Large language models (LLMs) have awed the world, emerging as the fastest-growing
application of all time--ChatGPT reached 100 million active users in January
2023, just two months after its launch. After an initial cycle, they have
gradually been mostly accepted and incorporated into various workflows, and their basic
mechanics are no longer beyond the understanding of people with moderate
computer literacy. Now, given that the technology is better understood, we face the
question of how convenient LLM chatbots are for different occupations. This
paper embarks on the question of whether LLMs can be useful for networking
applications.
This paper systematizes querying three popular LLMs (GPT-3.5, GPT-4, and Claude
3) with questions taken from several network management online courses and
certifications, and presents a taxonomy of six axes along which the incorrect
responses were classified:
- Accuracy: the correctness of the answers provided by LLMs;
- Detectability: how easily errors in the LLM output can be identified;
- Cause: for each incorrect answer, the underlying causes behind the error;
- Explainability: the quality of the explanations with which the LLMs support their
answers;
- Effects: the impact of wrong answers on users; and
- Stability: whether a minor change, such as a change in the order of the prompts, yields vastly
different answers for a single query.
The authors also measure four strategies toward improving answers:
- Self-correction: giving the original question and received answer back to the LLM,
as well as the expected correct answer, as part of the prompt;
- One-shot prompting: adding to the prompt “when answering user questions, follow this example” followed by a similar correct answer;
- Majority voting: using the answer that most models agree upon; and
- Fine-tuning: further training on a specific dataset to adapt the LLM to a particular task or domain.
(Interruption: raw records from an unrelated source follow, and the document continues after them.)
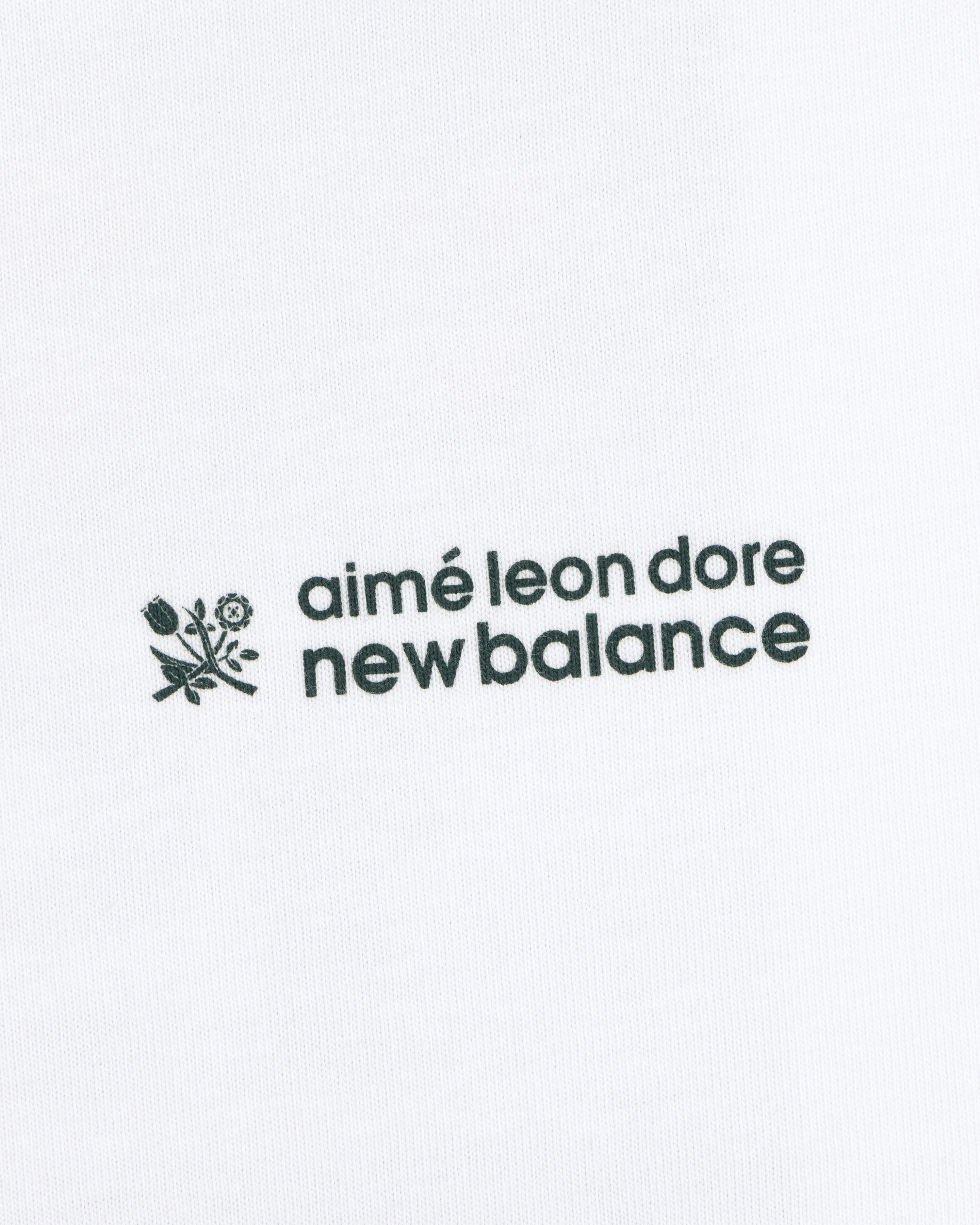 Black ALD / New Balance Running Bib Tee with logo and small flower graphic on white fabric background.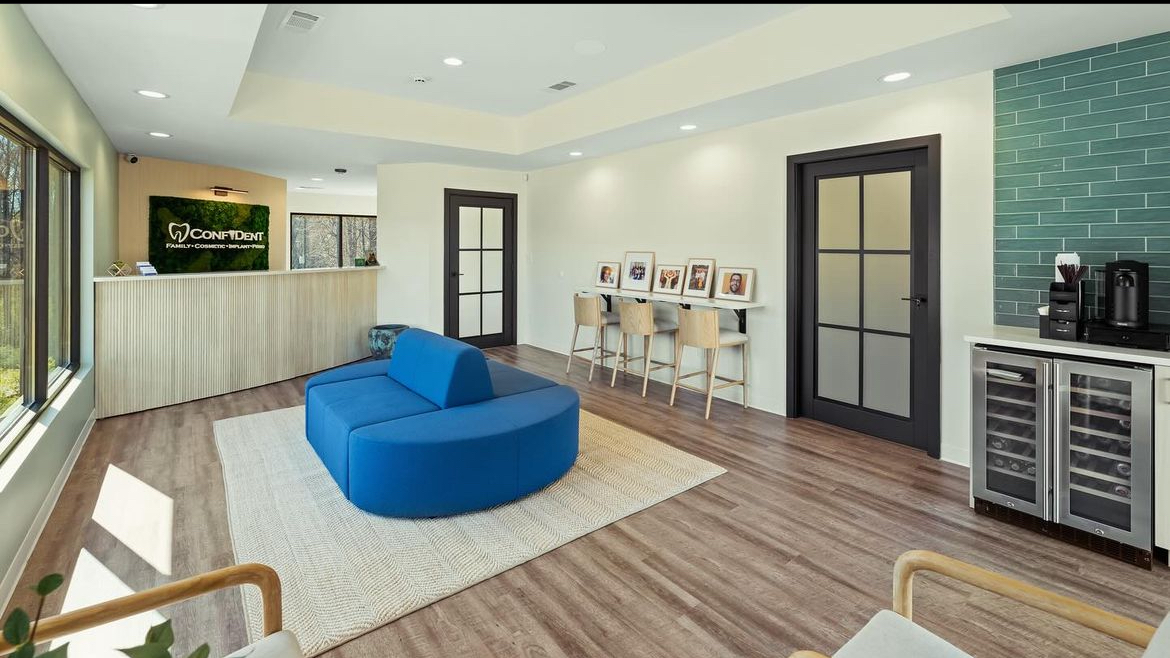Modern living room with blue sofa, white rug, wooden floor, and a wall with framed pictures, doors, and a beverage station.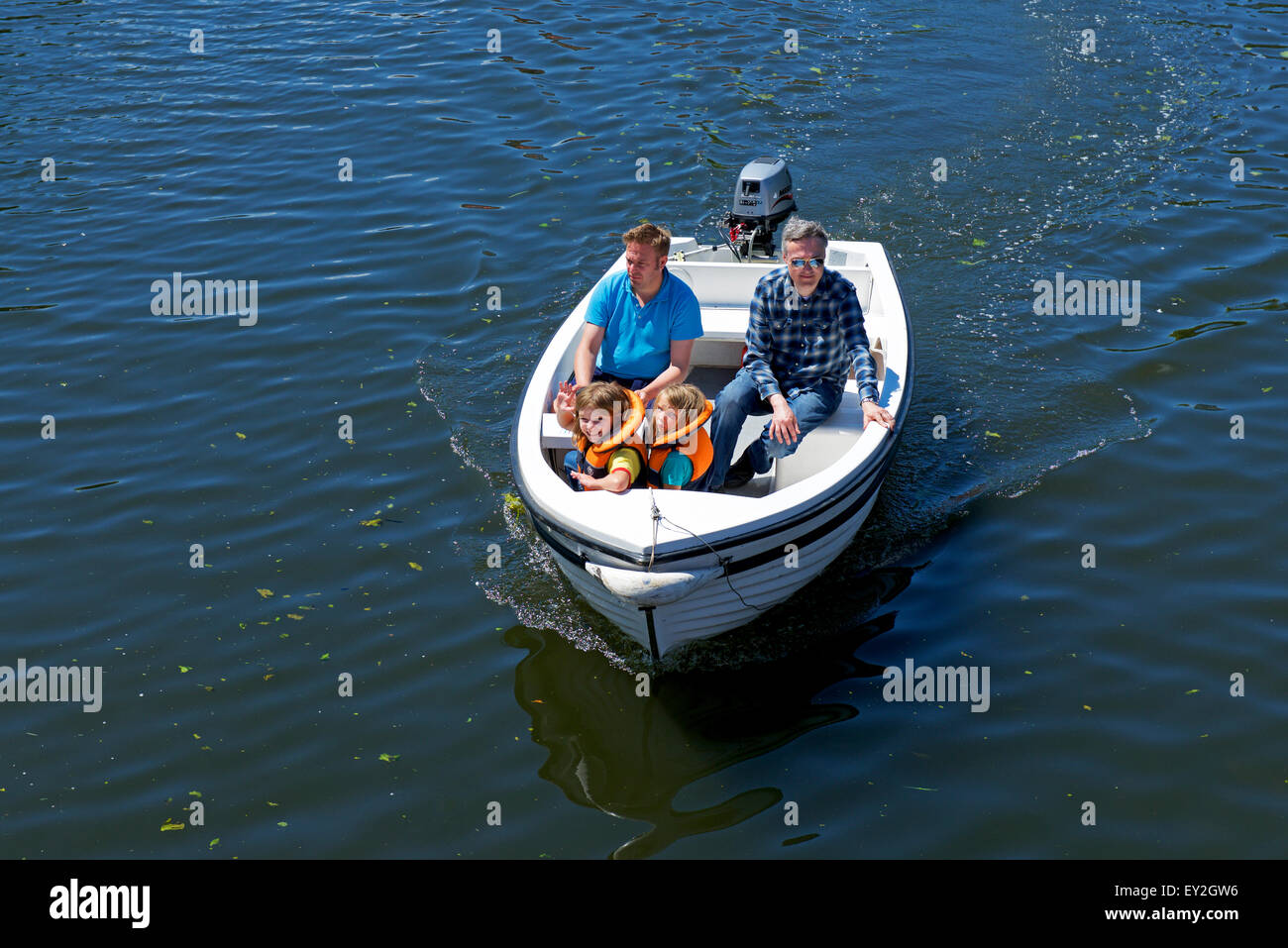 Zwei Männer, zwei Kinder, im kleinen Schlauchboot mit Außenbordmotor, England UK Stockfoto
The authors observe that, while some of those strategies were marginally useful, they sometimes resulted in degraded performance.
The authors queried the commercially available instances of Gemini and GPT, which achieved scores over 90 percent for basic subjects but fared notably worse in topics that require understanding and converting between different numeric notations, such as working with Internet protocol (IP) addresses, even if they are trivial (that is, presenting the subnet mask for a given network address expressed as the typical IPv4 dotted-quad representation).
As a last item in the paper, the authors compare performance with three popular open-source models: Llama3.1, Gemma2, and Mistral with their default settings. Although those models are almost 20 times smaller than the GPT-3.5 commercial model used, they reached comparable performance levels. Sadly, the paper does not delve deeper into these models, which can be deployed locally and adapted to specific scenarios.
The paper is easy to read and does not require deep mathematical or AI-related knowledge. It presents a clear comparison along the described axes for the 503 multiple-choice questions presented. This paper can be used as a guide for
structuring similar studies over different fields.